Wat de heren op het podium laten horen heeft echter weinig met dynamiek te maken. Het is vooral hard, gejaagd en plichtmatig. Van samenspel lijkt ook nauwelijks sprake, totdat ineens een strakke break valt die de chaos inkadert. Knap hoor, maar niet echt indrukwekkend. De bassist raast met rollende ogen en wilde halen met zijn bariton over het podium om de act nog wat cachet te geven, maar maakt zo vooral duidelijk hoe klein zijn rol is in de brij van gitaren, drums en samples.
Dwangmatig
Zo’n bak herrie, zulke complexe ritmes, zo’n isolement – het is helaas allemaal wat te veel ratio en te weinig gevoel.
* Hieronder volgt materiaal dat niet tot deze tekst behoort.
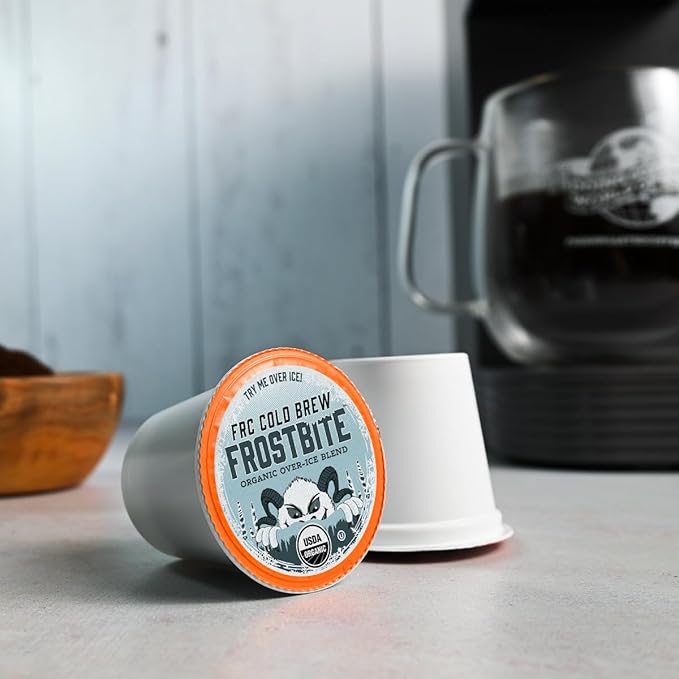FRC Organic Frostbite Cold Brew Pods | Medium Roast | 24 Count K-Cup Compatible Pods for Single Serve Brewers | Mold, Mycotoxin & Pesticide 3rd Party Tested | USDA | Kosher | 100% Arabica Coffee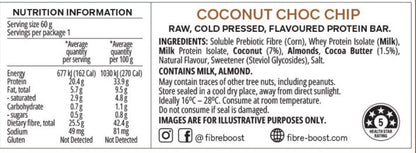 FIBRE BOOST Cold Pressed Protein Bar - Coconut Choc Chip Flavour 60g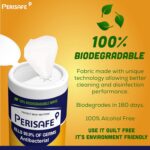 PERISAFE Multipurpose Disinfectant Wipe For Surfaces & Skin-100 Wipes | 100% Biodegradable Wipes | Antibacterial | 2-IN-1- Kills Germs & Cleans Tough Messes - Image 3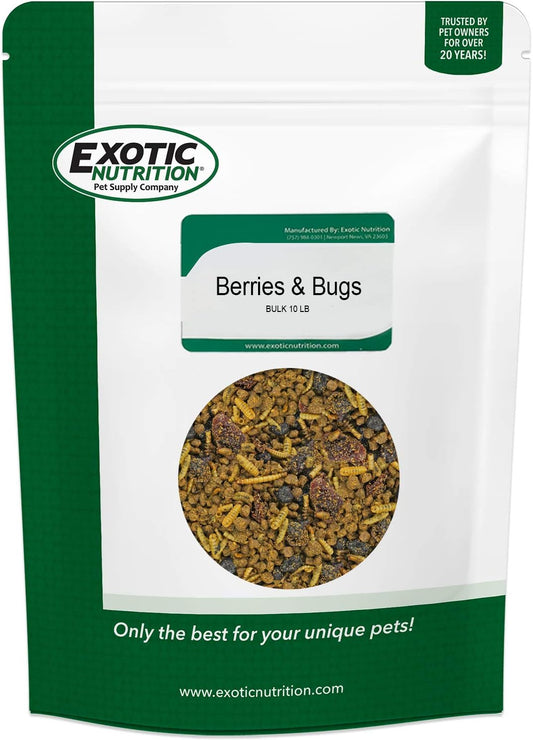 Berries & Bugs (10 lb.) - All Natural High Protein High Fiber Insectivore Diet with Fruit, Gut-Loaded Insects, & Healthy Vitamins - Hedgehogs, Sugar Gliders, Skunks, Opossums & Other Insectivores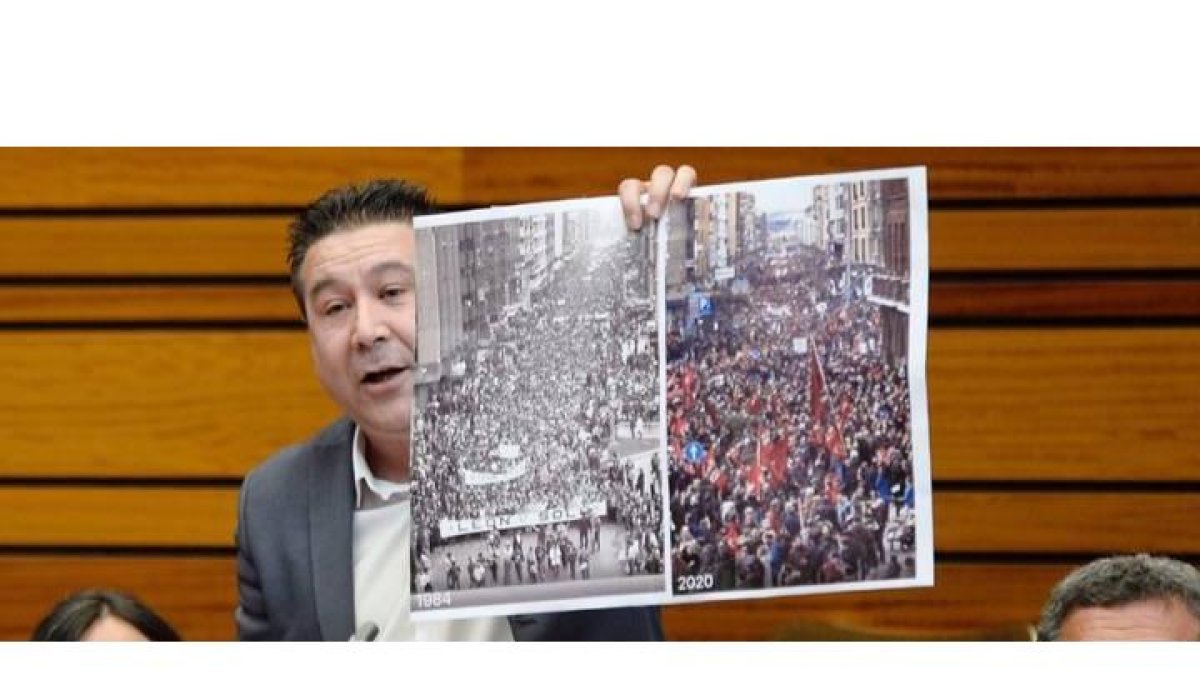 El procurador de UPL, Luis Mariano Santos (c), muestra imágenes de las manifestaciones celebradas en León en el año 1984 y en 2020. NACHO GALLEGO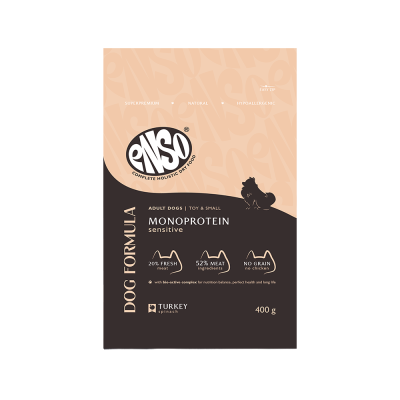 Корм для собак ENSO formula Monoprotein для мелк. и мин.пород, с индейкой и шпинатом сух. 400г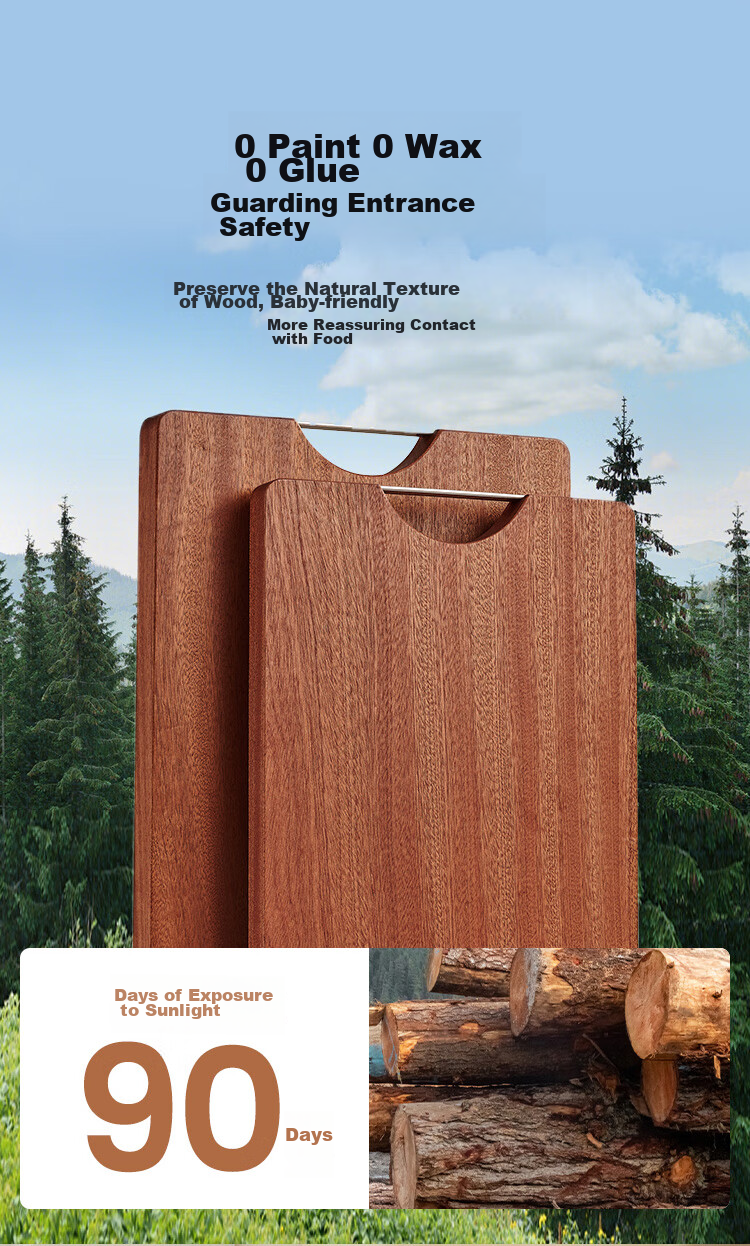 JD Original Cutting Board, Wooden Chopping Block for Home Use, Food-Grade Antibacterial [Black Ebony Solid Wood], 45*30*3CM 8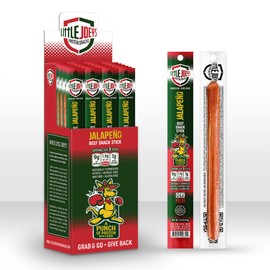 Little Joeys Jalapeno Beef Snack Sticks – 24 Count Box – High Protein Meat Snacks for Adults & Kids – Keto Friendly, Low Carb, Gluten Free, No Nitrates or MSG – Shelf Stable Beef Jerky Sticks – Made in USA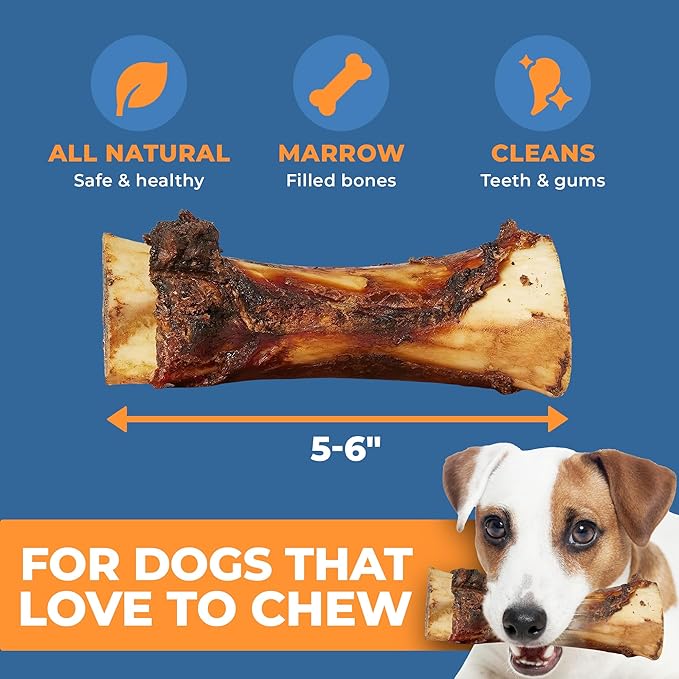 Beef Bone Marrow Dog Treats - Long Lasting Dog Bones for Aggressive Chewers - All-Natural Marrows Treats for Dogs - High-Protein Marrow Bones for Dogs Small, Medium, Large &amp; Extra Large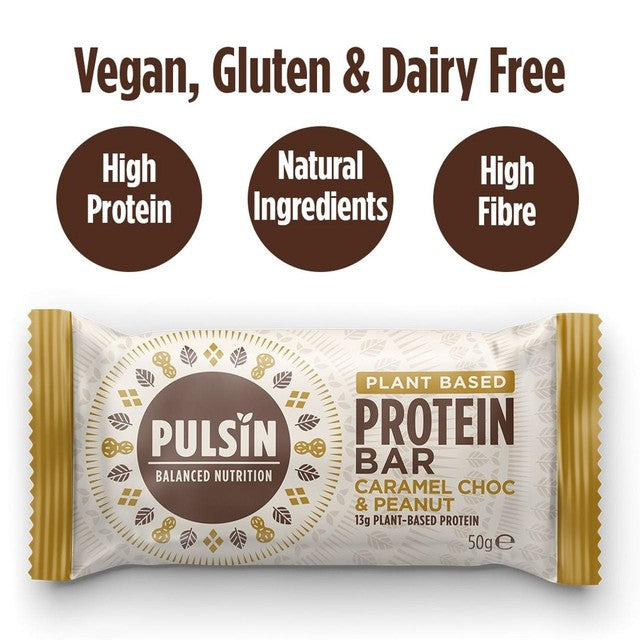 Pulsin caramel choc & peanut vegan protein bar 50g, imported from the UK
Live toont 65daysofstatic daarmee vanavond precies die keerzijde van postrock: het nogal dwangmatige antistructuralisme met een minachting voor ‘gewone alternatieve muziek’. Oftewel, je ziet ze in gedachten de maten meetellen tot weer een nieuwe wending. Het publiek krijgt af en toe een paar woordjes en hup, het kwartet zit weer op vier eilandjes als de drummer opnieuw zijn robotachtig getimede vuur opent. Veel meer dan een masterclass tegendraads drummen wordt het echter niet.Wat instrumentale postrock kan zijn, een woordenloze dialoog tussen band en publiek (denk aan Sigur Rós), blijft bij 65daysofstatic vanavond steken in een preek hoog vanaf de kansel. Aan het einde zie ik een jongen met een bezweet hoofd enigszins opgelucht glimlachen. ‘Zo, nu weer wat leuks doen?’